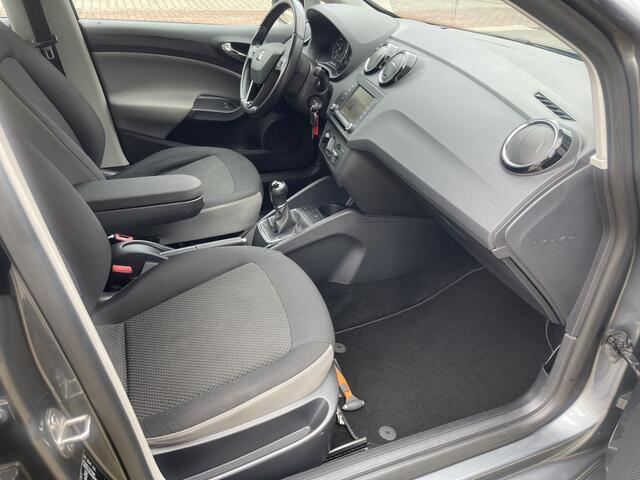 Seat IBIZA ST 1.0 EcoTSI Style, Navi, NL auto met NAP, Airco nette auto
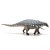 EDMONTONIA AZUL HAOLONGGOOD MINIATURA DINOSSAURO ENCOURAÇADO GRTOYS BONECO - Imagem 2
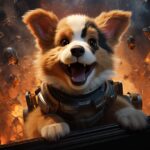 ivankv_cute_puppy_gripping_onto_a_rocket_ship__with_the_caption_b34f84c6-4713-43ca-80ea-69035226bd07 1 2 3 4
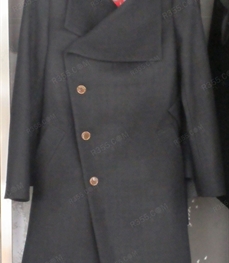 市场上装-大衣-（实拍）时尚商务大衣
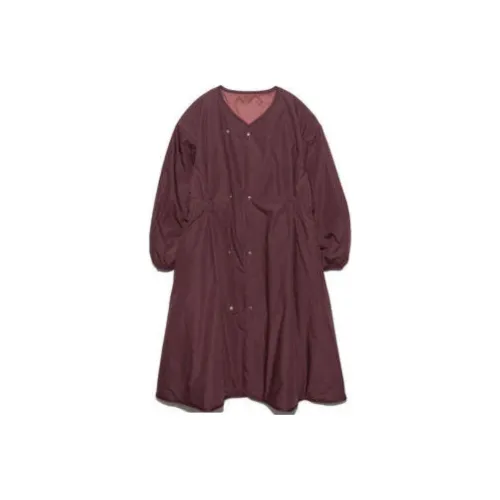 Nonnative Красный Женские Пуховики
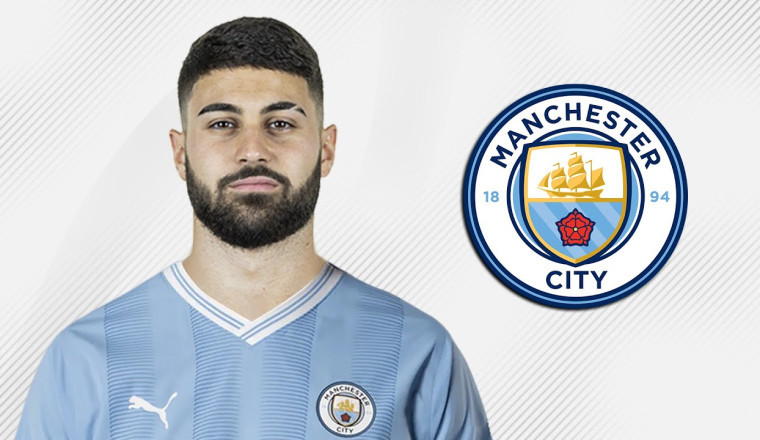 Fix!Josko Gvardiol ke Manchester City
* * *
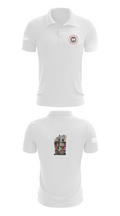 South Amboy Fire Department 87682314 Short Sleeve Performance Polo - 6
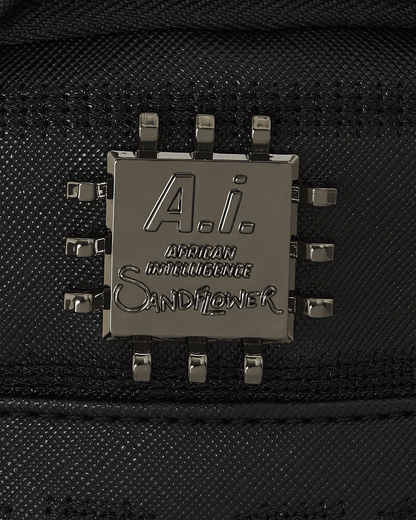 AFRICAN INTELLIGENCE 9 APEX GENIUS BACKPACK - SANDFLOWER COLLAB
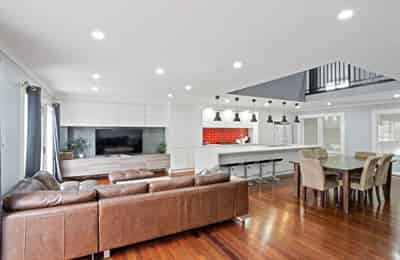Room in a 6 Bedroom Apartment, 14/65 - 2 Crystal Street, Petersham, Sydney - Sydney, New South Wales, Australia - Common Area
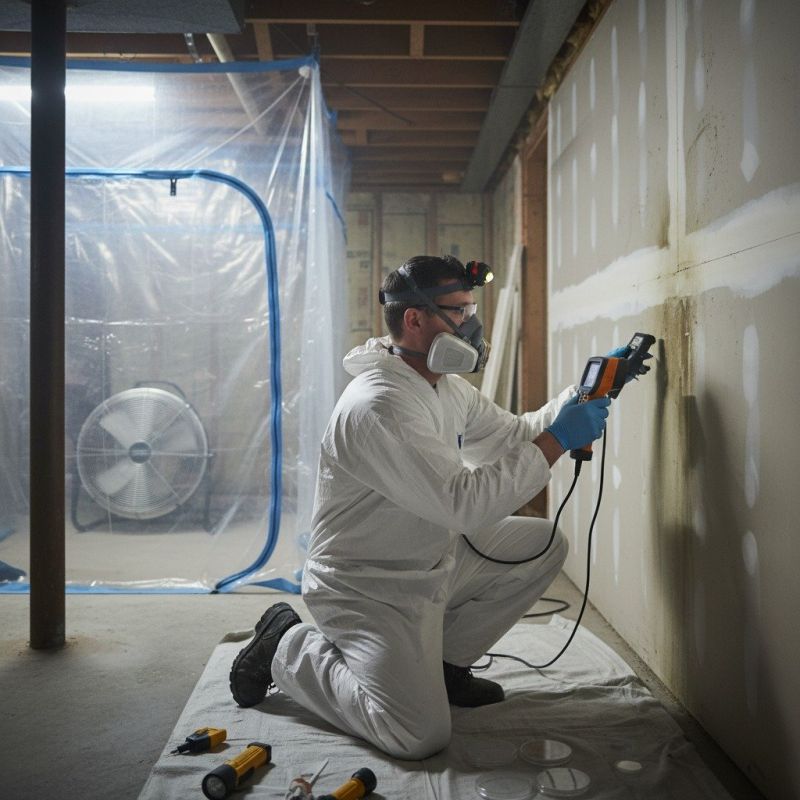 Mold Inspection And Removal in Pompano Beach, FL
...
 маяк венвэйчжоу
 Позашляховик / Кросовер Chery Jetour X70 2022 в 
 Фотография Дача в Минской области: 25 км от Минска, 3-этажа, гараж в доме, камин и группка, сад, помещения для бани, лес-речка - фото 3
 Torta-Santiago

**Aim of the exercise**
Would you print exactly the lines in the listing above, from the line bearing "South Amboy Fire" through the line bearing "Mold Inspection And", leaving out all pictures?

**Answer below**
 South Amboy Fire Department 87682314 Short Sleeve Performance Polo - 6
 AFRICAN INTELLIGENCE 9 APEX GENIUS BACKPACK - SANDFLOWER COLLAB
Room in a 6 Bedroom Apartment, 14/65 - 2 Crystal Street, Petersham, Sydney - Sydney, New South Wales, Australia - Common Area
 Mold Inspection And Removal in Pompano Beach, FL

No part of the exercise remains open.